▶ [TASK DESCRIPTION]
Find the line with "Item preview, Number" in the data below, then restate it and all remaining lines exactly, adding nothing.

▶ [DATASET CONTENT]
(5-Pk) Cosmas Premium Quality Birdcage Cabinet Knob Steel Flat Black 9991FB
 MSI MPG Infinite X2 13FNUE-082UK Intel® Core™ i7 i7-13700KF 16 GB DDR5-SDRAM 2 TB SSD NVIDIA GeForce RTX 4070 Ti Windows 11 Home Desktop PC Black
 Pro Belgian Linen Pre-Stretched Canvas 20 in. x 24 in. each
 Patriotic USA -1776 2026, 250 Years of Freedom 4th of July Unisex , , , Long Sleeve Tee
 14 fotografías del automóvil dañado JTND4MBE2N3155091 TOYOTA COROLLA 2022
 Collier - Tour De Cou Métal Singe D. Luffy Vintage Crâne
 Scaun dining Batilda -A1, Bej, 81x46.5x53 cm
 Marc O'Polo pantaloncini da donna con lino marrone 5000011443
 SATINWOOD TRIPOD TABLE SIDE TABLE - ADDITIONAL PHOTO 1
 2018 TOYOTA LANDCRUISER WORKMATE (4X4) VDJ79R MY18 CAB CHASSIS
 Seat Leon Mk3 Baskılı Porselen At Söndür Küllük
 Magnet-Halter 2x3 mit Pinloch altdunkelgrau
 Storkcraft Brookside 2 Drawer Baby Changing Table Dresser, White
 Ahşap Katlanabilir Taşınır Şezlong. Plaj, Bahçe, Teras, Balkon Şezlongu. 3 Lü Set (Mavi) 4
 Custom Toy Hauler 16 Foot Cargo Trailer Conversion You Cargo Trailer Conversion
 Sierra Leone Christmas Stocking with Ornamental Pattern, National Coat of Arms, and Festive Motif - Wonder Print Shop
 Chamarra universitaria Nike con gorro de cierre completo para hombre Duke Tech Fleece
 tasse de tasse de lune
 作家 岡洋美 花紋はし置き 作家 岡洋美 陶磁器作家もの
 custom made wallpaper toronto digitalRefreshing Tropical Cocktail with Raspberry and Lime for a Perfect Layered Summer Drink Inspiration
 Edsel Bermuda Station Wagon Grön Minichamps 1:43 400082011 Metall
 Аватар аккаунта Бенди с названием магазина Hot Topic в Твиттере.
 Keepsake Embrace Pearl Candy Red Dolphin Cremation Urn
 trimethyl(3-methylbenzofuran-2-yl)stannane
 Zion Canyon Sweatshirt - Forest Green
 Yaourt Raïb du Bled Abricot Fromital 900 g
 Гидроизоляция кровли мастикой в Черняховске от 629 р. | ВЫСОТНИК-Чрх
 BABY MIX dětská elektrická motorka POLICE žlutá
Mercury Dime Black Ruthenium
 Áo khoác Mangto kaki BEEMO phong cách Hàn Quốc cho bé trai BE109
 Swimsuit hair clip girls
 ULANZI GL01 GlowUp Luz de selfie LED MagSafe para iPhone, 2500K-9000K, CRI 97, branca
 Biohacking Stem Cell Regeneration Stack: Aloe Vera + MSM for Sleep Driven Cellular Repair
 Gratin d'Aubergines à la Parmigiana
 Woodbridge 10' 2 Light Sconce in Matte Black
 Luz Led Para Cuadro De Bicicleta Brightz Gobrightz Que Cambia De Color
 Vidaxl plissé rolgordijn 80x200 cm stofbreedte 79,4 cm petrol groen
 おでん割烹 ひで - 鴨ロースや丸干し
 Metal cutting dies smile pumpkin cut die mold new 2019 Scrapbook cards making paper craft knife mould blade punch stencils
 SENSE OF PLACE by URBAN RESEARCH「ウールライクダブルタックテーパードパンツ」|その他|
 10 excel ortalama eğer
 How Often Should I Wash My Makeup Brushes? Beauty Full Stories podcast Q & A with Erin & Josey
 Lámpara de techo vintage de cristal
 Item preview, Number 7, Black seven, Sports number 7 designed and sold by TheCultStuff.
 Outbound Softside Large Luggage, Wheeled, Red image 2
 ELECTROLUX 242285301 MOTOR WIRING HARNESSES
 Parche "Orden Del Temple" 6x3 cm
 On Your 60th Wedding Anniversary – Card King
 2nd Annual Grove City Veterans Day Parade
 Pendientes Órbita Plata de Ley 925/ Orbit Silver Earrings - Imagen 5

▶ [RESPONSE TO THE EXERCISE]
 Item preview, Number 7, Black seven, Sports number 7 designed and sold by TheCultStuff.
 Outbound Softside Large Luggage, Wheeled, Red image 2
 ELECTROLUX 242285301 MOTOR WIRING HARNESSES
 Parche "Orden Del Temple" 6x3 cm
 On Your 60th Wedding Anniversary – Card King
 2nd Annual Grove City Veterans Day Parade
 Pendientes Órbita Plata de Ley 925/ Orbit Silver Earrings - Imagen 5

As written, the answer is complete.